In a recent article, El Karoui et al. study the distribution of robust regression estimators in the regime in which the number of parameters p is of the same order as the number of samples n. Using numerical simulations and ‘highly plausible’ heuristic arguments, they unveil a striking new phenomenon. Namely, the regression coefficients contain an extra Gaussian noise component that is not explained by classical concepts such as the Fisher information matrix. We show here that that this phenomenon can be characterized rigorously techniques that were developed by the authors to analyze the Lasso estimator under high-dimensional asymptotics. We introduce an approximate message passing (AMP) algorithm to compute M-estimators and deploy state evolution to evaluate the operating characteristics of AMP and so also M-estimates. Our analysis clarifies that the ‘extra Gaussian noise’ encountered in this problem is fundamentally similar to phenomena already studied for regularized least squares in the setting n<p. (Based on joint work with David Donoho.)

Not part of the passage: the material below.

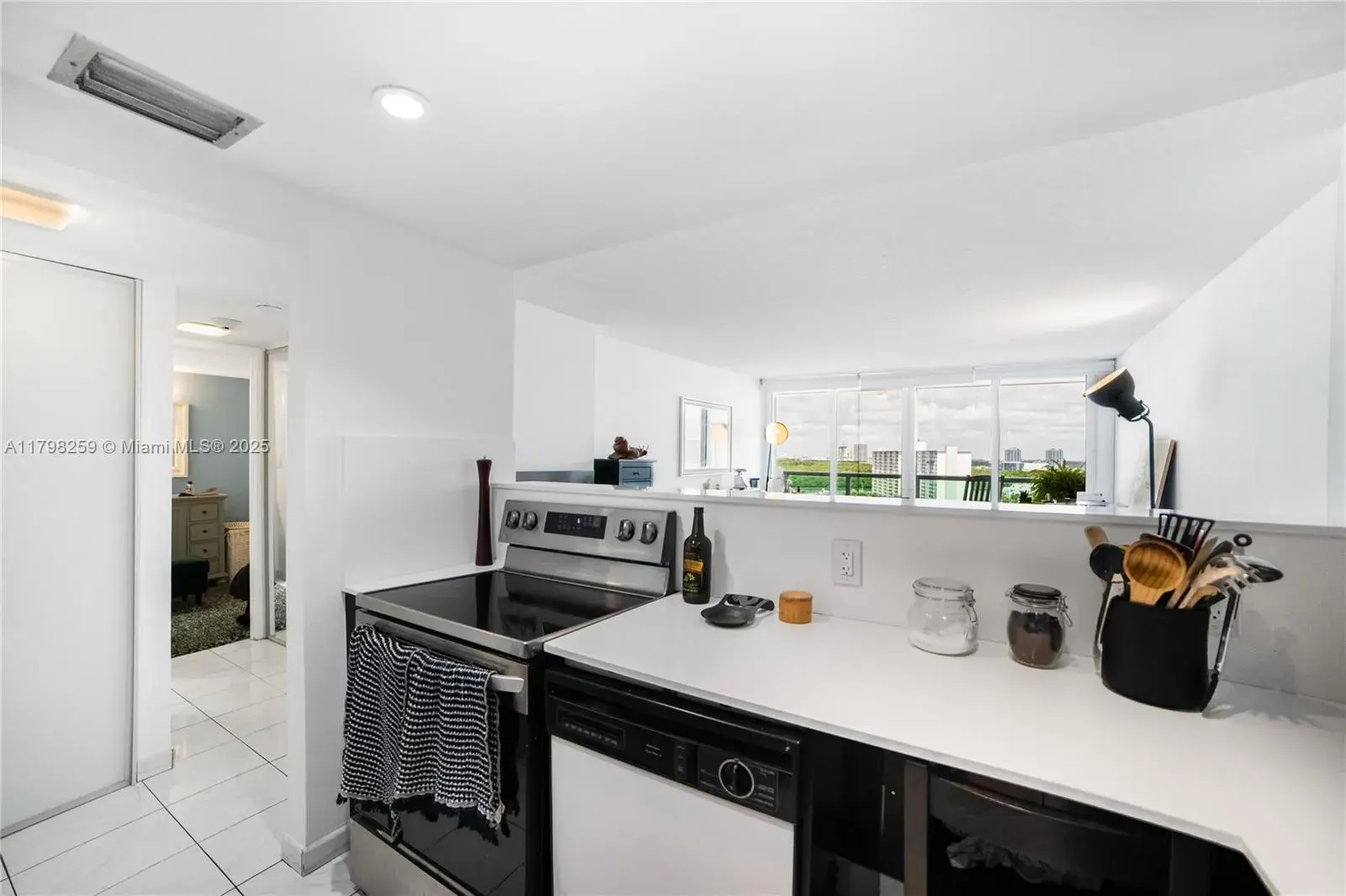 100 Bayview Dr # 1502, Sunny Isles Beach FL 33160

In this talk, I will introduce a new computational paradigm where probabilistic reasoning is achieved by solving a small number of randomly perturbed instances of a combinatorial optimization problem (MAP inference) closely related to the maximum-likelihood decoding problem. Exploiting properties of universal hashing, the new approach provides formal guarantees on the accuracy of the results. Based on the theory of low-density parity check codes, I will introduce several approaches to solve, approximate, and relax the underlying combinatorial optimization problem, leading to a new family of inference algorithms that outperforms traditional variational and sampling methods in a range of domains, in particular those involving combinations of probabilistic and deterministic constraints. This ability to handle both probabilistic and deterministic constraints creates new opportunities for including prior knowledge into probabilistic models. As an example, I will discuss a scientific data analysis application in the emerging area of Computational Sustainability where we greatly improved the quality of the results by incorporating prior background knowledge of the physics of the system into the model.

Follow the perturbed leader and other such randomized online learning algorithms have enjoyed success especially due to their computational efficiency and simple form. However the specific problems for which such perturbation based algorithms have been previously provided and their analysis have been rather case specific and fail to shed light on the general idea behind why such algorithms should work in general. In this talk I shall describe generalized conditions under which one can develop randomized algorithms based on perturbations for online learning problems. Under this general condition I shall describe a generic recipe for developing randomized algorithms for online algorithms. We shall see how the follow the perturbed leader algorithm for online linear optimization is in fact a special case of an algorithm that can be developed from the generic recipe. Through the methodology we shall also see how whenever online learning and statistical learning rates match one can expect to design perturbation based algorithms. Going well beyond online linear optimization we shall also see how one can derive perturbation based algorithms from the recipe for several new online learning problems like online matrix completion, time series prediction models, online link classification etc.

In this talk, we explore feature noising schemes such as dropout training. We show that under a local approximation, feature noising is equivalent to a regularizer that favors predictions which are both (i) confident under the model and (ii) stable under feature noise. We show how our methods can be extended to structured prediction and semi-supervised learning, yielding improved accuracies on several NLP tasks. We conclude with some preliminary analysis of the generalization properties of dropout training. Joint work with Stefan Wager, Sida Wang, Mengqiu Wang, Chris Manning.

The PAC-Bayesian theorem governs the generalization error of a model-perturbation predictor — a predictor based on a stochastic draw of model parameters. Although model perturbation is central to PAC-Bayesian theory, PAC-Bayesian theory does not use model perturbation directly to model conditional density. A PAC-Bayesian consistency theorem typically has the perturbation size go to zero as the amount of training data goes to infinity even if the true conditional distribution of label given input is broadly distributed. This talk will compare and contrast the two motivations for model perturbation — generalizations bounds and conditional density modeling — and consider the extent to which these motivations reinforce each other.

We address the problem of efficiently obtaining pixel-accurate boundaries for objects in images using an interactive framework and MAP inference. For this purpose we develop new bounds to the entropy function that are based on the expected amount of perturbations to the potential functions that do not change MAP decisions. By reasoning about the boundary of MAP decisions we actively select regions for further refinement in a multi-scale manner that increase the annotation certainty at minimal cost. We empirically show that our framework achieves accurate annotations much faster than traditional tools.